▶ _Exercise description_: Among the entries below, take the line with "Used 2022 Tesla" and the line with "谈判官杨潇带赵晨曦出来放松,却败在了娃娃机上,真打脸", and output them and every line between them exactly, with nothing else.
-------- Data provided
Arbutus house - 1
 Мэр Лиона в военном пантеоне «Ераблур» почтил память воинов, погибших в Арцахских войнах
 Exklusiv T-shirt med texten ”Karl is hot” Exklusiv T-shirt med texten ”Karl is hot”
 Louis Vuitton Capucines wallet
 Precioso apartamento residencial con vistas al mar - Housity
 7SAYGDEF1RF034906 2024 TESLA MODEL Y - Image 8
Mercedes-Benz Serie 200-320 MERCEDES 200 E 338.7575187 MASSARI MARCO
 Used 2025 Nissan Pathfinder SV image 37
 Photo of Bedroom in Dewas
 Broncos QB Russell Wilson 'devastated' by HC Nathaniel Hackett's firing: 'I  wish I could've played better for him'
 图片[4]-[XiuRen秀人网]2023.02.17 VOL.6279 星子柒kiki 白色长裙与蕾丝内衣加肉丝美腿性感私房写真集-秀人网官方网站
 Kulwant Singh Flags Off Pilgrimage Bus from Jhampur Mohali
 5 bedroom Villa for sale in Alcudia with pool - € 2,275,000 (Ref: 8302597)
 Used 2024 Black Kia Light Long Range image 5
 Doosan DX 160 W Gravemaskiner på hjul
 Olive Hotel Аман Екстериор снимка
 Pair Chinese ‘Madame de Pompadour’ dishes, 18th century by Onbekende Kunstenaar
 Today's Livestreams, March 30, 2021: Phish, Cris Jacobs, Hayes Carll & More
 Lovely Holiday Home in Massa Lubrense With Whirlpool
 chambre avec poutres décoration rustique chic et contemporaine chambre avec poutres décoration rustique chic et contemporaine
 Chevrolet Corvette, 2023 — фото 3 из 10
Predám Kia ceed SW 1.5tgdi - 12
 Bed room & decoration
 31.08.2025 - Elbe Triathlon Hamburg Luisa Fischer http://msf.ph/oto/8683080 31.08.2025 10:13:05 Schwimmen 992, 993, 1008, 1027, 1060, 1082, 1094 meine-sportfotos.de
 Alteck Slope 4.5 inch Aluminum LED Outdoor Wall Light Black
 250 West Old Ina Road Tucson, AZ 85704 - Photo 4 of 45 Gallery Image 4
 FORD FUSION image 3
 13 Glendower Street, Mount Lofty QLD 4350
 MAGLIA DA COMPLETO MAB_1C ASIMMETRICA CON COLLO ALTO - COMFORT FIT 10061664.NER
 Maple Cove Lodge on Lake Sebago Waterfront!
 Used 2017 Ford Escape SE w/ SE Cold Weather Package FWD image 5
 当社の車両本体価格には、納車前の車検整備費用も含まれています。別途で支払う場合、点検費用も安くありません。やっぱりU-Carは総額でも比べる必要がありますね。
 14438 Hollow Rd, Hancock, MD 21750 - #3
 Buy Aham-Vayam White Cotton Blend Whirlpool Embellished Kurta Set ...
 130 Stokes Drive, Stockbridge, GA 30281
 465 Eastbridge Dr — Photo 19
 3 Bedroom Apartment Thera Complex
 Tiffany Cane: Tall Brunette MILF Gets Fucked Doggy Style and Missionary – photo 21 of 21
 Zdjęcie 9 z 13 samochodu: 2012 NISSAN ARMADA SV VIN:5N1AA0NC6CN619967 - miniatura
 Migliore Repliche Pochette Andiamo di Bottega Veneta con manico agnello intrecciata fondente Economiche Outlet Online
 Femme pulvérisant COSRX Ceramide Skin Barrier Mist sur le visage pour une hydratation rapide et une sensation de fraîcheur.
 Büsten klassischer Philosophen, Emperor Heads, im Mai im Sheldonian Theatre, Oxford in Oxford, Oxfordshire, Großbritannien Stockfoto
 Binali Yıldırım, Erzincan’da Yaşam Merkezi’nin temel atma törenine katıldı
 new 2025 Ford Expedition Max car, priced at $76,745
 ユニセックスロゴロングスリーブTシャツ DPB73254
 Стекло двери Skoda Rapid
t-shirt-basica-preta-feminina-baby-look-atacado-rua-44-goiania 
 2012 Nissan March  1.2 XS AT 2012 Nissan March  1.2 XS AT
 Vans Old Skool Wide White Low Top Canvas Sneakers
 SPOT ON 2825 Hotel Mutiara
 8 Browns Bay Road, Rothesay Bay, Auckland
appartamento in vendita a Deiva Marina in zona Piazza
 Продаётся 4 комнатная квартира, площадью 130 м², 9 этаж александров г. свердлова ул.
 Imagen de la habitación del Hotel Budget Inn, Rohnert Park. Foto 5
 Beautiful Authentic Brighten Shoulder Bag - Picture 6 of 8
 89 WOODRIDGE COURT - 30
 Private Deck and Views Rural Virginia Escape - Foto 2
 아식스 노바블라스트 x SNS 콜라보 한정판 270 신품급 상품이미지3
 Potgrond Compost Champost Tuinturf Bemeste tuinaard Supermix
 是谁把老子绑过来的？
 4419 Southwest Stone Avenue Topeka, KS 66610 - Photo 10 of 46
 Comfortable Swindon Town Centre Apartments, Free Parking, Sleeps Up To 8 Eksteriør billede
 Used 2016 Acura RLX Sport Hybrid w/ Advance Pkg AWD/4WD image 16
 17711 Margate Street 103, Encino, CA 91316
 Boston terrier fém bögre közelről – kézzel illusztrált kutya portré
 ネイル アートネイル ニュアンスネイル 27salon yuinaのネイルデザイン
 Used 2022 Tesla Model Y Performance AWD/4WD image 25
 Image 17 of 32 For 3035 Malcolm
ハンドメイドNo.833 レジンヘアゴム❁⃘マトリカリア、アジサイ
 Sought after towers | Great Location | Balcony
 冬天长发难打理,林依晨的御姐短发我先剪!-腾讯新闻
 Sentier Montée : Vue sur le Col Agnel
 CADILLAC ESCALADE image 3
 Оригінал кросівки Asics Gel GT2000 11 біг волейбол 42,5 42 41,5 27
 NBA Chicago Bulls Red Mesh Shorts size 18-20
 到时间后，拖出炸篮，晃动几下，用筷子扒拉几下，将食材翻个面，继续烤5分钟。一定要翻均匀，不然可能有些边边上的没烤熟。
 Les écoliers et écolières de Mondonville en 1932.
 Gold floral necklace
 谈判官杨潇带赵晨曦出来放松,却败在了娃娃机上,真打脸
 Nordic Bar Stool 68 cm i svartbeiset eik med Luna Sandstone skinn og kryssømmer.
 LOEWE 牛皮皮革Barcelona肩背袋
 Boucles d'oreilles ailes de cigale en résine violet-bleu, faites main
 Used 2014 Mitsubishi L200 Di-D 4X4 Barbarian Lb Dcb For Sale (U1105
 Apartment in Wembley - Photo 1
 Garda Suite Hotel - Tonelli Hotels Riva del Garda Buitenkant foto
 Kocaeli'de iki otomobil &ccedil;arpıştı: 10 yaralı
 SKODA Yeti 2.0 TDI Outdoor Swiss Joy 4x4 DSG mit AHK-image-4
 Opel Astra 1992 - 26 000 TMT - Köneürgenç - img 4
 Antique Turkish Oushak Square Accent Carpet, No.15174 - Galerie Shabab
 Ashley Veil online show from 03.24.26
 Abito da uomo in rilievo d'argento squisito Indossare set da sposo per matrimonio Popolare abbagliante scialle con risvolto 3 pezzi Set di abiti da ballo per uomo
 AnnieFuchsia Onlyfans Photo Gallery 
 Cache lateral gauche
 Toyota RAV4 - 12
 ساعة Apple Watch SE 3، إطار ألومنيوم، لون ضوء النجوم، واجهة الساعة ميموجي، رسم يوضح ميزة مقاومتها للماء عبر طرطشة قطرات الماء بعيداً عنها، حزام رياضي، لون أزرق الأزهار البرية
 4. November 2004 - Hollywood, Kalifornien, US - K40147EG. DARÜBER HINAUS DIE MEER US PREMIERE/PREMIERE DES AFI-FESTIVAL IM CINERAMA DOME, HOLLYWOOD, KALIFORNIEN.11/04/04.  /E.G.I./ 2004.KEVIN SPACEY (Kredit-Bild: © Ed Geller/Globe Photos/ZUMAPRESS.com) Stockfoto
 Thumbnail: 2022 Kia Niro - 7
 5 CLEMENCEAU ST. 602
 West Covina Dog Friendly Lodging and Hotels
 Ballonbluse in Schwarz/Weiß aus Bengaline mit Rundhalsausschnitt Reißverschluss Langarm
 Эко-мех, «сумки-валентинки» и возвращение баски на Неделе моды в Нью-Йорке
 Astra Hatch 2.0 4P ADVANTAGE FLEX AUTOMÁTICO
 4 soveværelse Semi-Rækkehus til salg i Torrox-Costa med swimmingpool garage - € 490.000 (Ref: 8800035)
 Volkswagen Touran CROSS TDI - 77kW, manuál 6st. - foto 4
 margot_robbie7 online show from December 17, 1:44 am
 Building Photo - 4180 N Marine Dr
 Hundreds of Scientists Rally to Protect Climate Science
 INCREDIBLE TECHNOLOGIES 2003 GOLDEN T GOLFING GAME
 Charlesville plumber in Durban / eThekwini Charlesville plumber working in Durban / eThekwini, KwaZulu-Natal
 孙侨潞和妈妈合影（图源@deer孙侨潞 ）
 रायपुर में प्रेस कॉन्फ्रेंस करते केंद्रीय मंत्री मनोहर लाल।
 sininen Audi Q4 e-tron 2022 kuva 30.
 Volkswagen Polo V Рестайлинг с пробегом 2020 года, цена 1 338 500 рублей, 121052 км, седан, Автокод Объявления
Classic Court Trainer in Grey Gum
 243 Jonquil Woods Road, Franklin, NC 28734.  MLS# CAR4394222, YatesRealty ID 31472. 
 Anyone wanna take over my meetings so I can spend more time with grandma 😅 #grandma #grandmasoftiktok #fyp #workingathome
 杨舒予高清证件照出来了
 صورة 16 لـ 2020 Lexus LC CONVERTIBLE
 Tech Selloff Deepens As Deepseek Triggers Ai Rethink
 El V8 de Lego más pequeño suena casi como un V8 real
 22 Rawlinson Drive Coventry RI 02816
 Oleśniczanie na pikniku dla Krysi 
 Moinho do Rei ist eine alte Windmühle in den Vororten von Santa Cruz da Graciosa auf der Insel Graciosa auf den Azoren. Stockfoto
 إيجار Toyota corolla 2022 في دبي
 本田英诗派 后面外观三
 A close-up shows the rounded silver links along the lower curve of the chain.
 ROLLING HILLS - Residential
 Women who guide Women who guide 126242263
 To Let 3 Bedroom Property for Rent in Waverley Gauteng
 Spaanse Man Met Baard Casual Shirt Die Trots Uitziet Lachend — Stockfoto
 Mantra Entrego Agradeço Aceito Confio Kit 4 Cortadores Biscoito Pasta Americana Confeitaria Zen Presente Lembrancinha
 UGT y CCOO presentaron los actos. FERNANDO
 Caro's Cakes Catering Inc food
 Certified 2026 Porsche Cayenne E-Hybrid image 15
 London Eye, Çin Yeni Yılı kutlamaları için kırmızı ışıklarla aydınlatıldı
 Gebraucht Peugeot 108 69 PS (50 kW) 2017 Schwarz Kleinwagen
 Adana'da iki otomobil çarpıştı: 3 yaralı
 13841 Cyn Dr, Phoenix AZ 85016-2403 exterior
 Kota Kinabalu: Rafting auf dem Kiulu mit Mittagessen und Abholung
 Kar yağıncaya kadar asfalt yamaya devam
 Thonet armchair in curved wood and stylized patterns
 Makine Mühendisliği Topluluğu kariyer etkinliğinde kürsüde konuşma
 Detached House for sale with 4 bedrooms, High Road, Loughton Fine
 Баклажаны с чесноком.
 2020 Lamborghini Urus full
----------------
▶ _Written response_:
 Used 2022 Tesla Model Y Performance AWD/4WD image 25
 Image 17 of 32 For 3035 Malcolm
ハンドメイドNo.833 レジンヘアゴム❁⃘マトリカリア、アジサイ
 Sought after towers | Great Location | Balcony
 冬天长发难打理,林依晨的御姐短发我先剪!-腾讯新闻
 Sentier Montée : Vue sur le Col Agnel
 CADILLAC ESCALADE image 3
 Оригінал кросівки Asics Gel GT2000 11 біг волейбол 42,5 42 41,5 27
 NBA Chicago Bulls Red Mesh Shorts size 18-20
 到时间后，拖出炸篮，晃动几下，用筷子扒拉几下，将食材翻个面，继续烤5分钟。一定要翻均匀，不然可能有些边边上的没烤熟。
 Les écoliers et écolières de Mondonville en 1932.
 Gold floral necklace
 谈判官杨潇带赵晨曦出来放松,却败在了娃娃机上,真打脸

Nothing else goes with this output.